'''
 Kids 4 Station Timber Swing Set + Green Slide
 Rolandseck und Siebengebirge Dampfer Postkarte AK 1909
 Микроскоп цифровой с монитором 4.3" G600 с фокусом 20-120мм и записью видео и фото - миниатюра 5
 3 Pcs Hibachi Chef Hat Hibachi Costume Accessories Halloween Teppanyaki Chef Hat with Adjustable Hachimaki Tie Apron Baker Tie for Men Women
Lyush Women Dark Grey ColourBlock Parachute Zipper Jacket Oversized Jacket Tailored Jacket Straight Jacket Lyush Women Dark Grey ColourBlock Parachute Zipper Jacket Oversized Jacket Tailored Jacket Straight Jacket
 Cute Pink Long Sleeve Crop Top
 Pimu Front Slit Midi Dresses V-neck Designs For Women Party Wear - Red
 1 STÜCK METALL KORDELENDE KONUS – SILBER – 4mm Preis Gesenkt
'''
'''
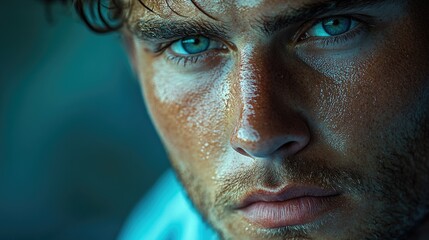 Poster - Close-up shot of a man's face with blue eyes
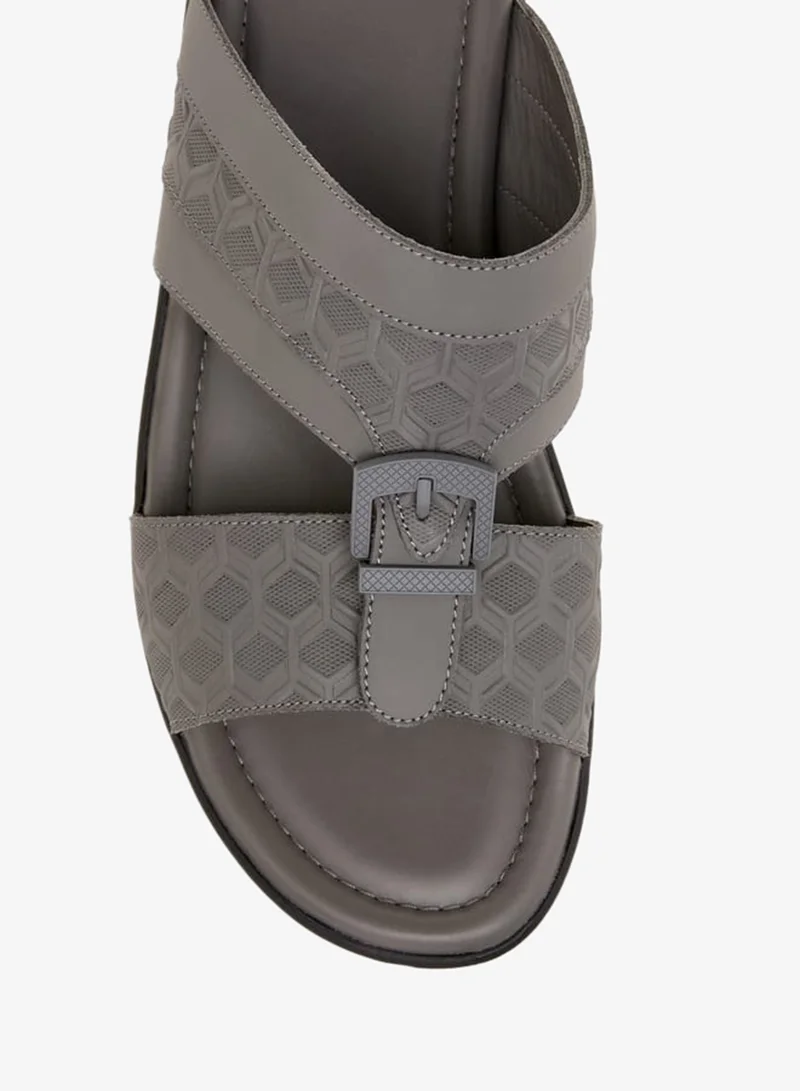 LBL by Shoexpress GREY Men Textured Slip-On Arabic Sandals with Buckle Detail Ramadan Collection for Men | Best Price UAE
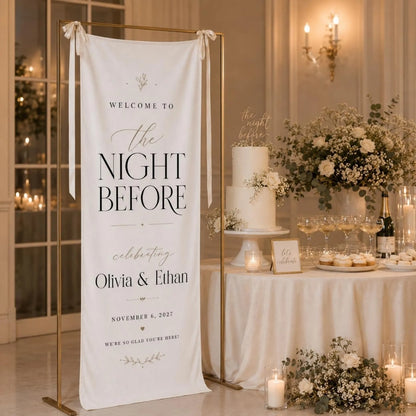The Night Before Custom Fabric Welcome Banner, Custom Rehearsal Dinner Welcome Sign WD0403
'''
'''
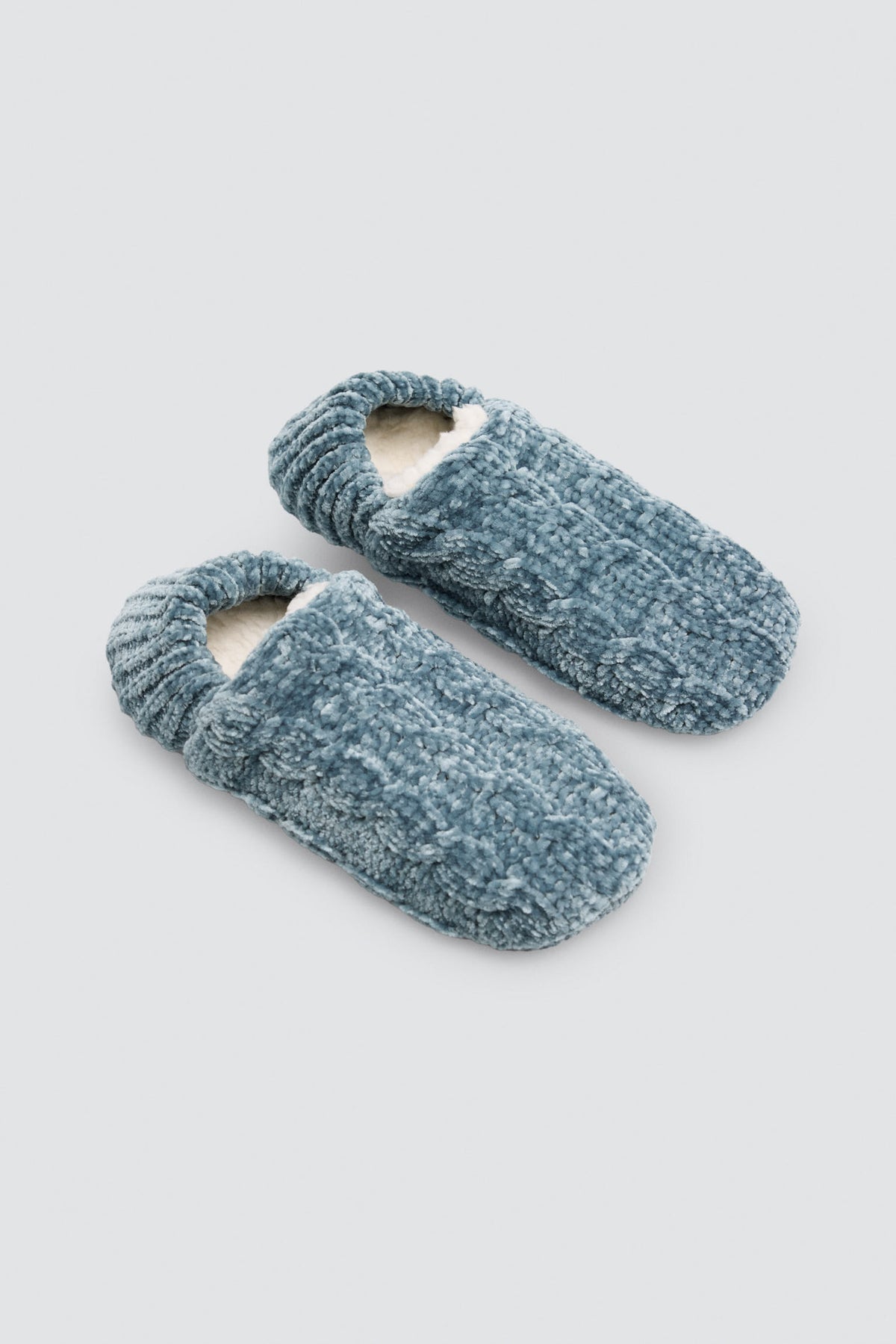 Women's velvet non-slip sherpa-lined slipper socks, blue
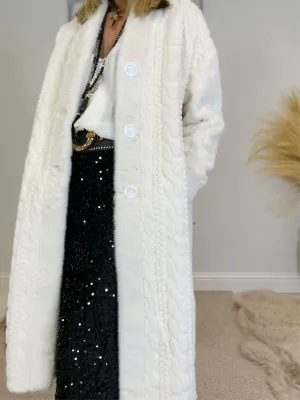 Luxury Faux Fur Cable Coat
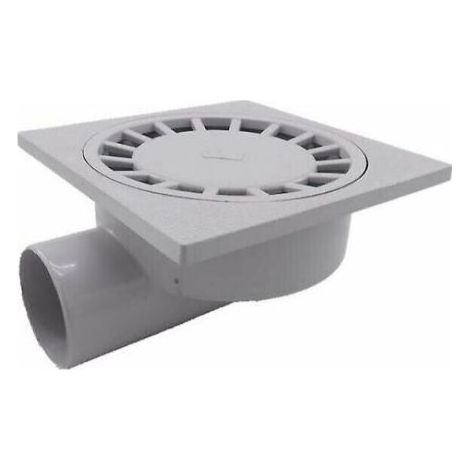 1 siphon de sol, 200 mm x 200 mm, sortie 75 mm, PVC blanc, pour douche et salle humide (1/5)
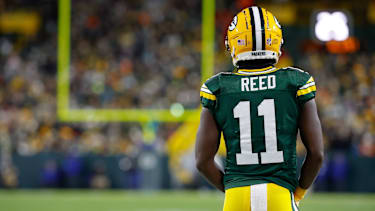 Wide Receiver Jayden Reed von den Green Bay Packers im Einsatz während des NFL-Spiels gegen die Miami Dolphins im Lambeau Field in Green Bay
'''
• **YOUR ASSIGNMENT**: Reproduce word for word, with pictures dropped, only the part of the material above that opens with the line containing "LBL by Shoexpress" and closes with the line containing "The Night Before".

• **EXERCISE RESPONSE**:
 LBL by Shoexpress GREY Men Textured Slip-On Arabic Sandals with Buckle Detail Ramadan Collection for Men | Best Price UAE
The Night Before Custom Fabric Welcome Banner, Custom Rehearsal Dinner Welcome Sign WD0403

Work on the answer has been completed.